François Béharel, le président de Randstad France. (Crédits : Reuters)
Pour mieux faire coïncider les besoins des employeurs avec les compétences de ses candidats, Randstad dévoile une solution basée sur l’analyse des « mégadonnées ». D’après le spécialiste de services en ressources humaines, ce type d’outil constitue une avancée pour « fluidifier » davantage le marché du travail. Et pourquoi pas, faire enfin baisser le chômage. Explications.

François Béharel n'est pas du genre à tourner autour du pot. Lors de la présentation d'une solution maison visant à aider ses candidats à trouver plus facilement du travail, le président de Randstad France finit par lâcher une bombe : « Soudeur, en soi, ça ne veut rien dire ! » Pourquoi ? Parce qu'aux yeux du patron de la filiale française du géant mondial des services en ressources humaines, le temps de la segmentation du travail par métiers a vécu. L'important, au fond, ce sont les compétences des individus. Et in fine, elles seules intéressent vraiment les entreprises qui embauchent.

Derrière ce postulat se cache surtout une opportunité. De fait, s'il est possible de définir un poste par un éventail précis de compétences, alors on démultiplie le nombre de candidats potentiels, au-delà du seul et réducteur périmètre « métier », comme c'est le cas actuellement. « Si une entreprise cherche des soudeurs et qu'il n'y en a pas - ou trop peu - sur son bassin d'emploi, on peut faire une recherche par compétences », illustre François Béharel. Ce faisant, il affirme qu'on peut trouver, par exemple, « des métalliers » ou « des tuyauteurs » disponibles et parfaitement capables de répondre aux besoins de la société. Ou qui peuvent l'être rapidement, moyennant une courte formation. En créant des passerelles entre les métiers, Randstad veut donc profiter d'une « fluidification » du marché du travail, grippé depuis plusieurs années.
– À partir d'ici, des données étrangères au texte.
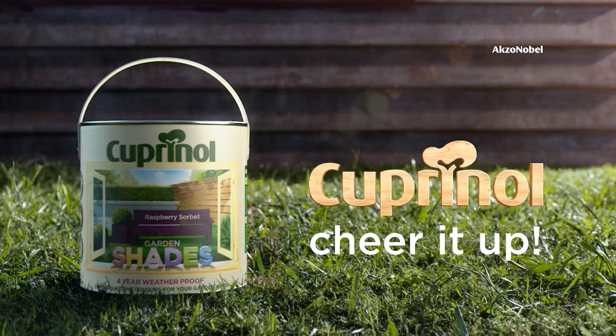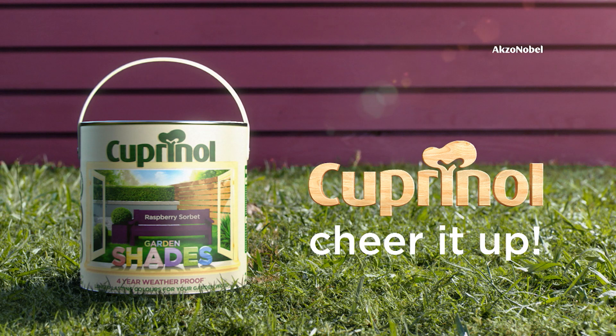Brighten and protect your garden. Coopernal, proud sponsors of Super Garden. Cheer it up!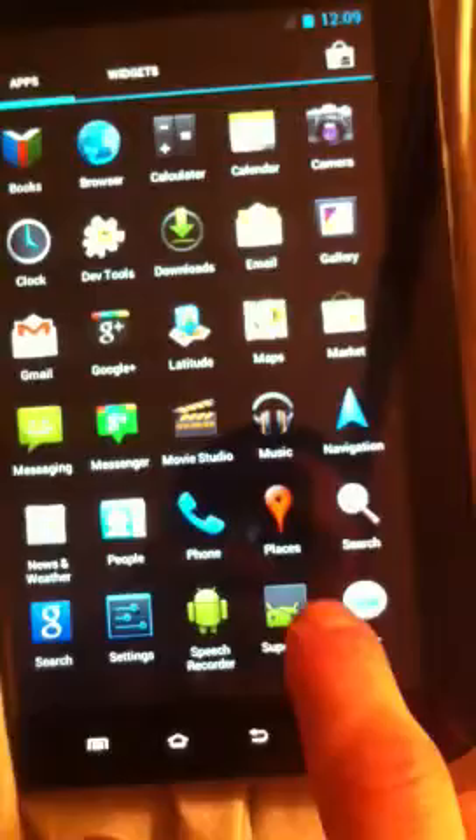I should have figured a better way to do this. Superuser — no apps in the list.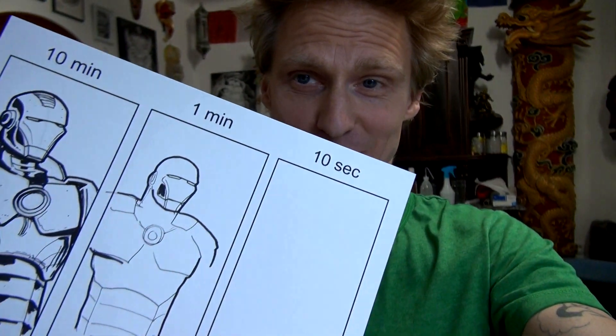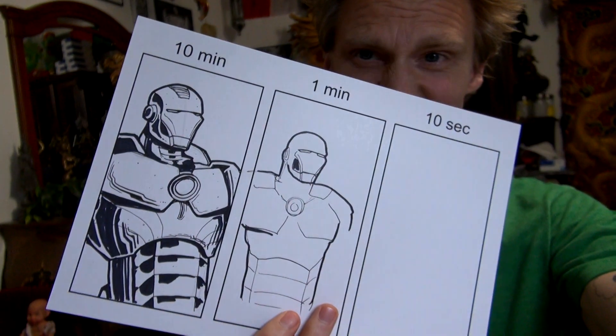Okay. My one minute Ironman — but what else could I expect after the 10 minute Ironman? So I guess I'm not the best draw under pressure.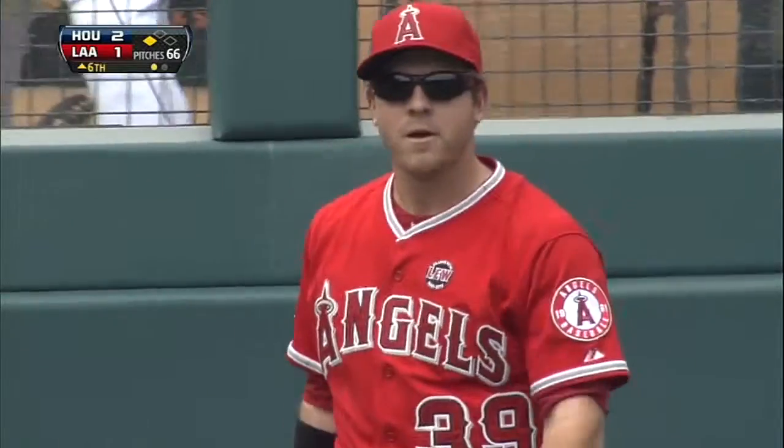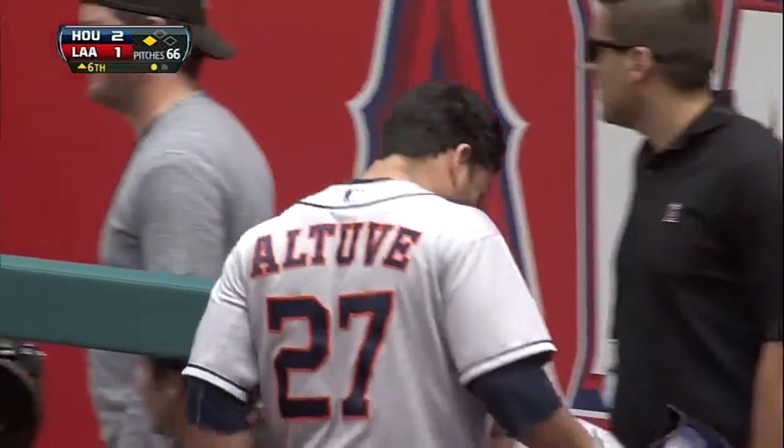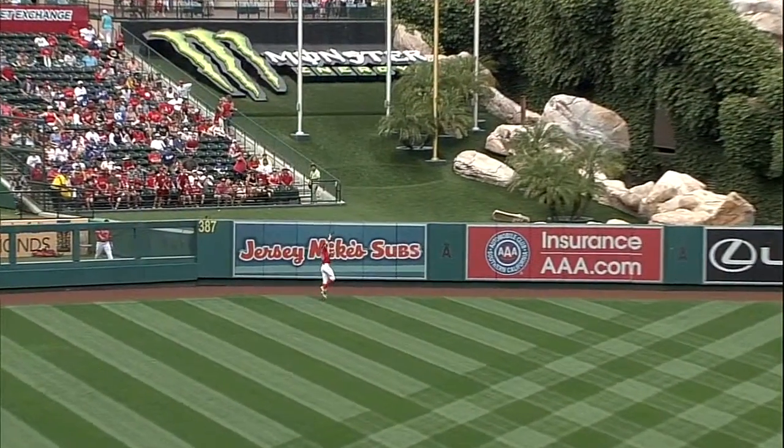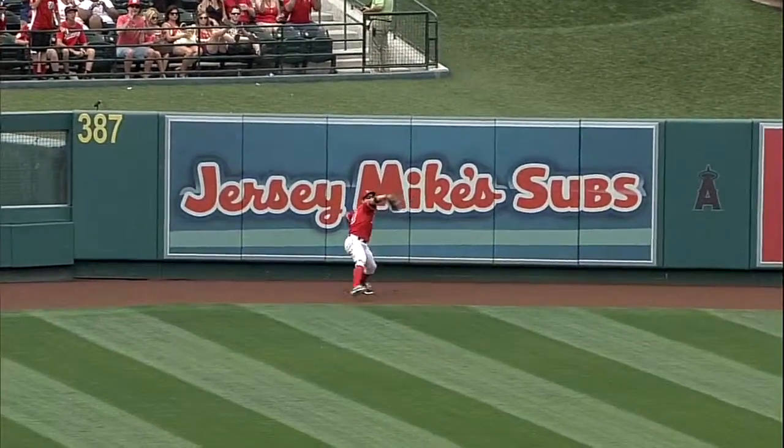That's some kind of play by Shuck, and that's the danger of going inside on L2. Even though you want to try to jam him to prevent him from hitting the right side, it almost went out of the ballpark — so quick inside. J.B. leaps up, it's a very nice play on the warning track, taking his eye off the baseball and making the full extension to make a nice play.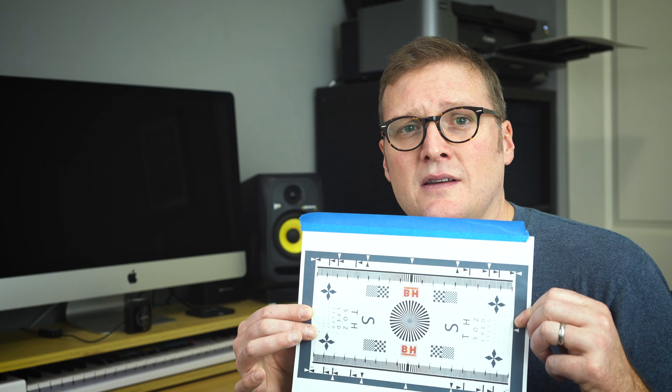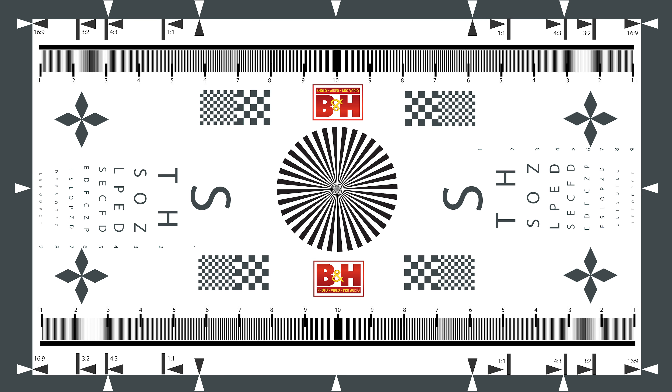So I came in and I Googled lens test charts and I found this on B&H Photo's website. I will post a link to it below, but I taped it to my wall, I put my camera on a tripod, I shot at f1.8, f4, f8, ISO 100, changing the shutter speed to adjust for the light in my room, and I threw the images into Lightroom to see what the corners looked like. It was very obvious very quickly that at f1.8 the bottom right-hand corner was soft.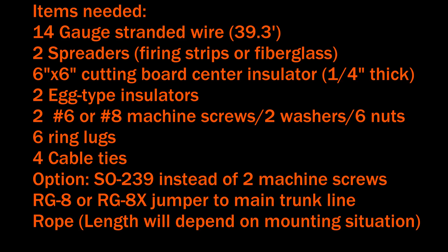Instead of two machine screws you could put an SO-239 in the center, but I was trying to save money, so that saves you the cost of an SO-239 and a PL-259. It doesn't make too much difference for connecting it — the jumper I had just had ring terminals on one end and a PL-259 on the other. You can use RG-8 or RG-8X; I used an RG-8X jumper, though you'll probably want to keep it shorter and run it to a trunk line of RG-8, as the RG-8X is a bit more lossy.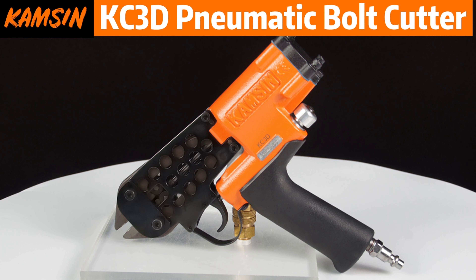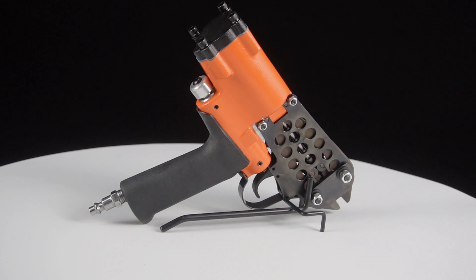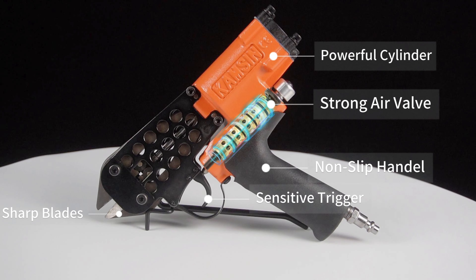Kamsun pneumatic bolt cutter. It has many advantages: sharp blades, sensitive trigger, non-slip handle, strong air valve and powerful cylinder.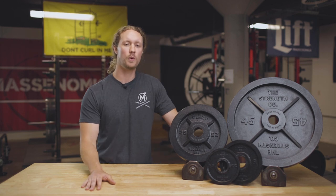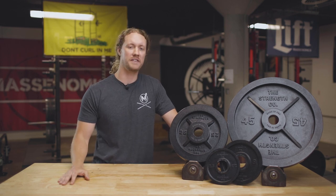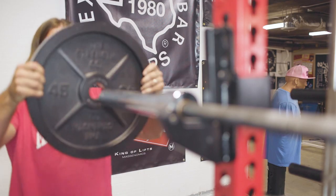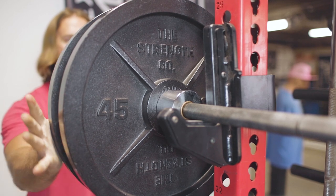They are machined and E-coated to give them a smooth finish on the sides and inner diameter, and the E-coat provides a black finish that's held up really well for us. We've had these several months at the Massonomics gym and we've seen almost no chipping — and we really do put these things through the ringer here, so you know it's a quality finish on these plates.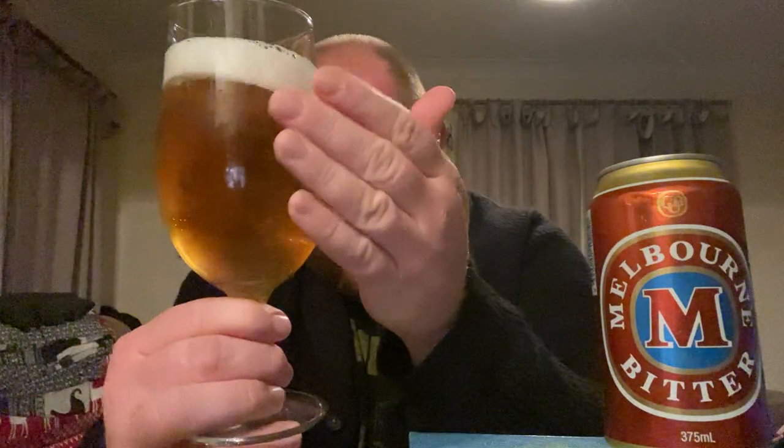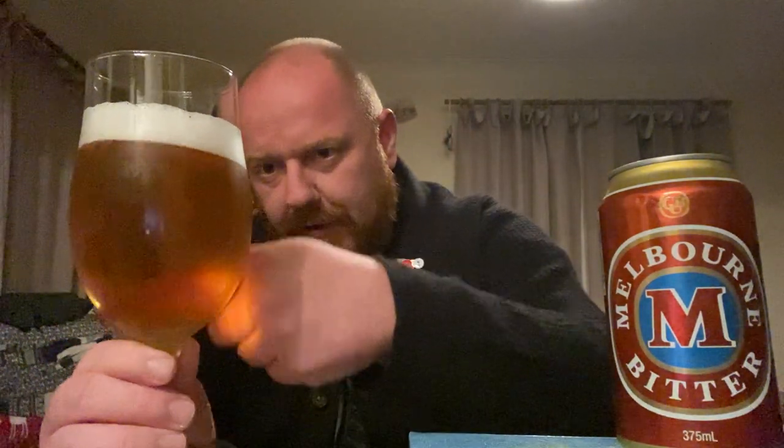We are dealing with a slightly darker looking lager. It's got a one-finger, slightly foamy white head which doesn't seem to be in a rush to disappear, which is encouraging. It's really cold so condensation is building up on the glass. Slow moving carbonation with a few bubbles rising up - it's not a mad one by any stretch of the imagination.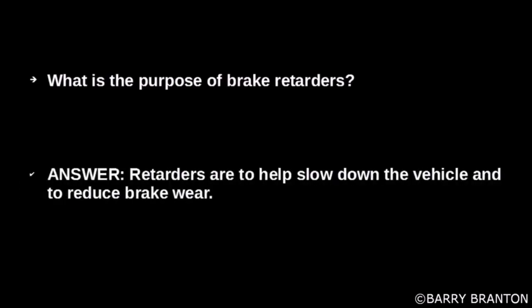What is the purpose of brake retarders? Retarders are to help slow down the vehicle and reduce brake wear.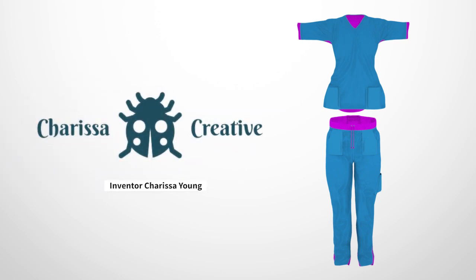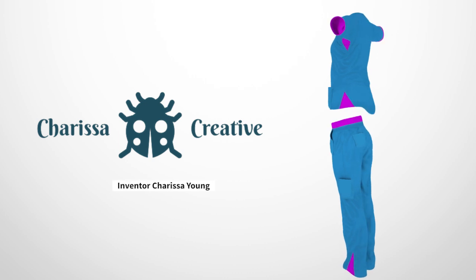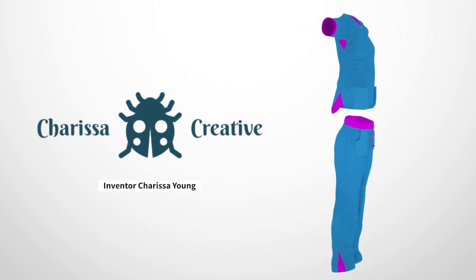Introducing Charissa's Creative Apparel with Elastic Fittings. Innovative new scrubs that offer improved stretch, comfort, and coverage while on the job.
Un outil « d'aide à la décision »

Mais si la logique fait sens, comment la mettre en œuvre ? Grâce au big data. Au Numa, l'un des incubateurs de startups les plus côtés de Paris, Randstad a dévoilé mardi un nouveau logiciel. Celui-ci utilise les « mégadonnées » pour faire coïncider les compétences recherchées par ses clients avec celles de ses candidats. Pour ce faire, le géant des services RH a donc croisé sa base « de 3 millions de CV » (qui comprend quelques « 1.000 qualifications et 11.000 compétences ») avec les 12 millions d'annonces récoltées chaque années sur la Toile, et les données du marché du travail disponibles via des organismes publics comme l'Insee ou Pôle Emploi.

Destiné pour l'heure à un usage interne, le logiciel n'a pas été façonné comme « les outils classiques de 'matching' », précise Randstad, égratinant sans les citer les réseaux sociaux professionnels LinkedIn et Viadeo. Aux yeux du groupe, il s'agit là davantage d'un « outil stratégique d'aide à la décision » pour les entreprises et les candidats. Rien de moins.

Décortiquer un bassin d'emploi

Une fois lancé, le logiciel affiche carte de France interactive, où peut lancer différents types de recherches. Pour un bassin d'emploi donné (une ville ou un département), une entreprise peut visualiser en temps réel quels sont les métiers - et compétences, donc - actuellement disponibles chez Randstad. Il est aussi possible de remonter dans le temps, pour voir si une main d'œuvre spécifique se tarit. Ou au contraire, si elle a le vent en poupe. Mieux, l'entreprise pourra glaner des informations sur ses concurrents qui lorgnent les mêmes talents qu'elle... Grâce à ces informations, un grand groupe sera, d'après Ranstdad, mieux armé pour recruter ses troupes, en privilégiant au besoin les compétences plutôt qu'un métier en particulier. En parallèle, l'employeur pourra utiliser ces connaissances locales pour mieux préparer une implantation. Ou même anticiper, dans certains cas, le reclassement de ses salariés.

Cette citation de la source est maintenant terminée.